Na rádio Vagos FM com a Veterinária Dra. Ana Neves
Fonte: Vagos FM
Vou falar sobre a aquisição de um animal de companhia, ou seja, sobre adotar ou comprar, analisando os prós e os contras de cada uma dessas opções.
Em relação à adoção, as vantagens são várias e têm um impacto direto no bem-estar do animal, uma vez que este é retirado de um contexto de abrigo para ser inserido numa família, o que é claramente mais benéfico. Além disso, ao adotar, abre-se espaço para que outro animal também possa ser acolhido e ajudado.

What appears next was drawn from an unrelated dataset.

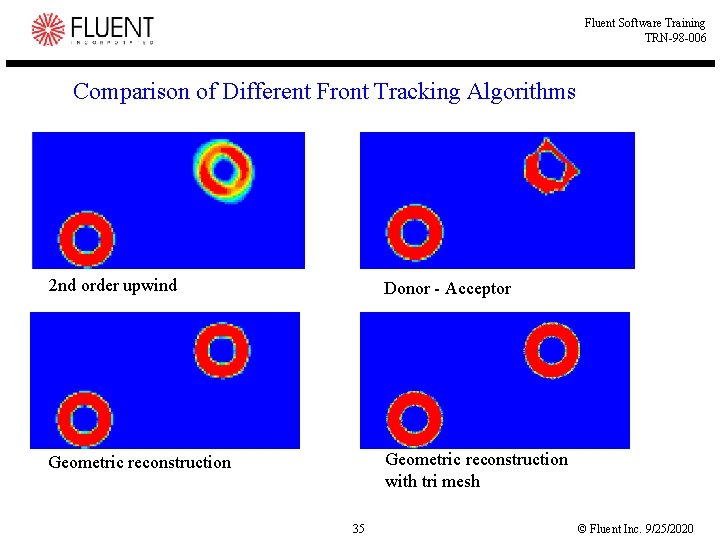 Fluent Software Training TRN-98 -006 Comparison of Different Front Tracking Algorithms 2 nd order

Quando se opta pela adoção, existe uma maior diversidade de perfis, tanto morfológicos como de temperamento. Ou seja, é possível encontrar animais de maior ou menor porte, mais novos, bebés ou já adultos, bem como animais com personalidades muito diferentes. Isso faz com que a diversidade na escolha seja bastante maior.
Atualmente, algumas associações preocupam-se em avaliar o perfil comportamental e de personalidade do animal, assim como o perfil da família, tentando fazer a combinação mais adequada. Esta preocupação ajuda a evitar devoluções no futuro e aumenta a probabilidade de uma integração bem-sucedida.
Outra vantagem da adoção são os custos iniciais, que, regra geral, são bastante mais baixos do que no caso da compra de animais de companhia. A principal desvantagem da adoção poderá ser a maior probabilidade de alguns animais apresentarem medos ou inseguranças. Ainda assim, isso não é, por si só, determinante do comportamento do animal.
No caso da compra, existe a vantagem de o tutor poder escolher determinadas características morfológicas do animal e de haver alguma previsibilidade comportamental. Isto porque há raças que tendem a apresentar, de forma mais marcada, determinados comportamentos. Por exemplo, os labradores são muitas vezes descritos como mais brincalhões. No entanto, a raça não determina totalmente o comportamento, já que também existem labradores com temperamentos diferentes, menos ativos ou menos gulosos do que aquilo que é mais habitual.
Criadores responsáveis promovem um bom maneio dos animais e aplicam medidas de medicina preventiva, como vacinações e desparasitações. Os animais são entregues já identificados e com os boletins sanitários atualizados, incluindo os registos de vacinas e desparasitações. Além disso, beneficiam de uma boa manipulação desde cedo, tornando-se mais tolerantes ao toque, mais habituados à presença humana, mais confiantes, mais seguros e mais saudáveis.
Os bons criadores também fazem despistes de doenças mais comuns na raça, como, por exemplo, a displasia da anca, que pode ser identificada nos progenitores e é uma patologia transmissível de pais para filhos.
O principal problema da compra são os custos, que, normalmente, são mais elevados do que na adoção. Se o preço for demasiado baixo, isso pode ser um sinal de alerta, indicando que algo poderá não ter sido feito corretamente. Existe ainda o risco do comércio irresponsável. Em casos extremos, há situações de fábricas de cães e gatos, locais onde os animais vivem enjaulados com o único propósito de se reproduzirem. Nesses contextos, não têm contacto adequado com o ser humano nem recebem os cuidados de medicina preventiva necessários para um desenvolvimento saudável, tanto a nível físico como comportamental.
Em resumo, tanto a adoção como a compra têm vantagens e desvantagens. O mais importante é que a decisão seja tomada de forma consciente, informada e responsável, colocando sempre o bem-estar do animal em primeiro lugar.